P. is often equally cavalier in her treatment of previous historiography. She announces that
the longstanding lack of serious scholarship on the history of Spartan women has meant that there
has been less impetus than is usual to take into account previous studies (p. viii). These
comments ignore the existence of major ongoing debates about the position of Spartan women
throughout the 1980s and 1990s, which are represented in her bibliography by over 20 scholarly
articles. Her discussion of the secondary literature in the Appendix (pp.159-61) fails to provide a
balanced assessment of the strengths and weaknesses of the range of recent work. There is no
acknowledgement of previous scholars who have advanced similar views to her own; no mention
either of important articles by female scholars. Instead, her discussion is mainly personalised pointscoring against certain historians who have viewed Spartan women through the lens of the mirage
and produced more nuanced or cautious assessments of female roles than are asserted here.
Indeed, P.s depiction of Spartan women, as elaborated in her Conclusion, is over-idealised.

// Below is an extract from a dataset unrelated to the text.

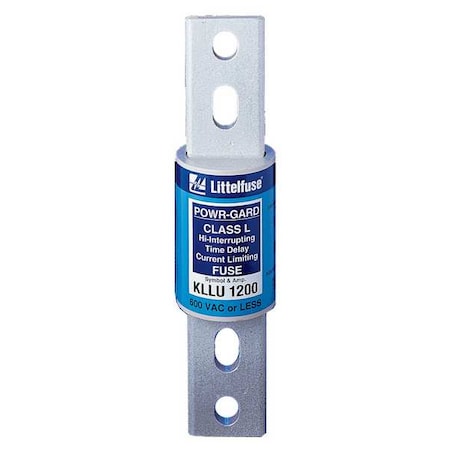 UL Class Fuse, L Class, KLLU Series, Time-Delay, 700A, 600V AC, Non-Indicating MPN:KLLU700.X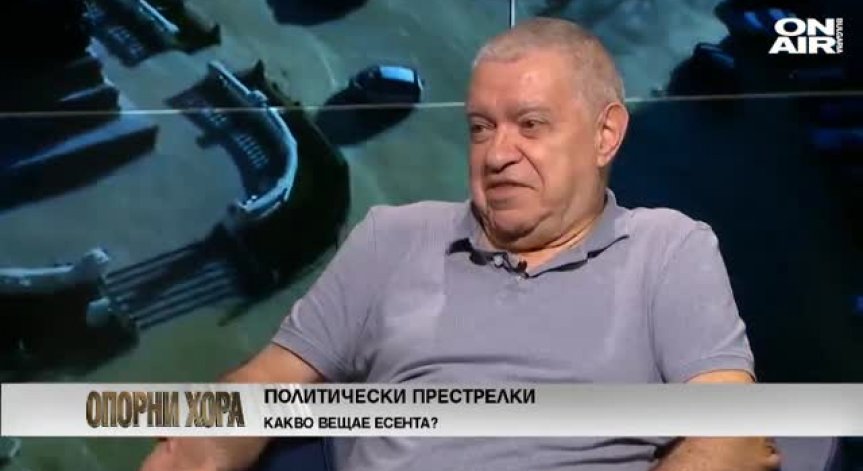 Михаил Константинов: В София има настроения изборите да спечели независим кандидат!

Their role model is Helen: beautiful, tall, well-fed and liberated in their dress, they are vocal and
articulate, possessing considerable freedom of sexual expression and exercising control over their
reproductive capacity, as also over property. They are active partners in marriage and enforce
societal norms, wielding the power of life and death over their adult sons and even controlling the
testing of male babies. Several of these conclusions are mere assertions, nowhere properly proven;
some are direct products of the Spartan mirage. Others may have been true for some Spartan
women, some of the time; but P.s overall picture, dominated by images of youthful Western-style
empowerment, is too one-sided. There is little place in her account for the aged, even for widows
(who receive only the briefest of comment on pp.76 & 87); still less for the veiled Spartan women
(there is one sentence on the veil on p.42, but no references in the Index) recently studied by Lloyd
Llewellyn-Jones.1
This is a book which academics will be inclined to use in their teaching as a convenient
exposition of the evidence; but personal experience with my own students indicates that it is as
likely to mislead as to illuminate. A serious scholarly account of womens contributions to Spartan
society requires a more critical and analytical approach to the evidence and a more realistic
assessment of both the opportunities and the limitations which Spartan women of diverse statuses
and ages experienced in the course of their lives.
Stephen Hodkinson
University of Nottingham
1

Aphrodite's Tortoise: The veiled woman of ancient Greece (Swansea, 2003) 46, 51-2, 97, 99-101, 107; The Veiled
Women of Sparta, in E.G. Millender (ed.), Spartan Women Unveiled (Swansea, forthcoming).